Las consagraciones episcopales de 1988

El 29 de junio de 1987, en Écône, Mons. Lefebvre anunció públicamente su resolución de dotarse de sucesores que garantizarían la perennidad de su obra de la Iglesia: transmitir, en toda su pureza doctrinal y su caridad misionera, el sacerdocio católico. Dos hechos precisos dieron lugar a esta decisión histórica que él mismo calificó como “operación supervivencia” de la Tradición.

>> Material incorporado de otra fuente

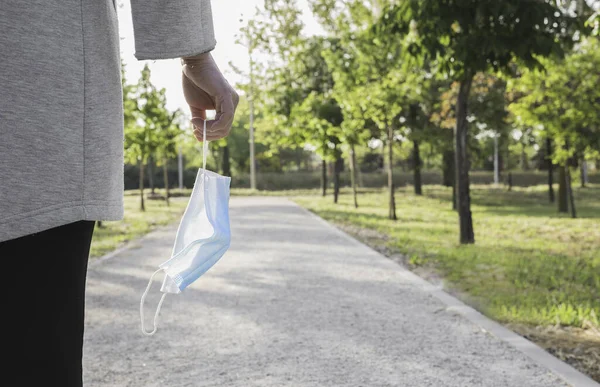 Sosyal mesafe. Elinde koruyucu bir maskeyle parkta yürüyen bekar bir kadın. Coronavirus salgınını sona erdiriyorum. Coronavirus cihazları. Sosyal uzaklık. Salgınlara karşı koruma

Primero la reunión interreligiosa de Asís, que vio al Papa presidir, el 26 de octubre de 1986, un congreso de religiones por la paz, iniciativa antaño condenada por los Papas León XIII (Testem benevolentiae, 1899), San Pío X (Nuestro Cargo apostólico, 1910) y sobre todo Pío XI (Mortalium animos, 1928).
Después la confirmación, por Juan Pablo II y el Cardenal Ratzinger, de tesis nuevas sobre la libertad religiosa, doctrina proclamada en el Concilio Vaticano II, en contradicción con el Magisterio más solemne de los Papas de los dos siglos precedentes, en particular Gregorio XVI, Pío IX (Quanta cura y Syllabus, 1864), León XIII, San Pío X, Pío XI (Quas primas, 1925) y Pío XII. Esta falsa libertad reconoce a todas las religiones el derecho absoluto de profesar, en público como en privado, los errores y las doctrinas más contrarias al Evangelio.
La confirmación de la libertad religiosa entendida en un sentido opuesto al Magisterio constante de la Iglesia Católica acabó de convencer a Mons. Lefebvre de la gravedad de la crisis de la Iglesia y de la pérdida universal del sentido de la fe –hasta en Roma misma– verdadero misterio de iniquidad.
Obligado por este estado de necesidad, previsto por el Derecho de la Iglesia y la virtud de prudencia, resolvió proceder con las consagraciones episcopales con el fin de transmitir su poder de orden. Tuvo mucho cuidado de no dar alguna jurisdicción particular a los obispos consagrados por él, con el fin de evitar cualquier cisma. Con un gran espíritu del Derecho canónico, que quiere que la obediencia sirva para la salvación de las almas y no para que se pierdan –ni para que mueran las obras visiblemente bendecidas por Dios–, Mons. Lefebvre prefirió parecer desobediente pasando por alto una ley de disciplina eclesiástica. Al hacer esto, buscaba no cooperar con la destrucción universal de la que él estaba siendo testigo.
Así, frente a los desórdenes y los escándalos extendidos por todas partes en la Iglesia, frente a la corrupción de los ritos sacramentales y a la perversión del Sacerdocio Católico, Mons. Lefebvre restauró el Orden Sacerdotal y sentó las bases de una verdadera renovación para la Iglesia de ayer, de hoy y de mañana.
Porque Dios no cambia. Él es el mismo, ayer y hoy, y por los siglos de los siglos.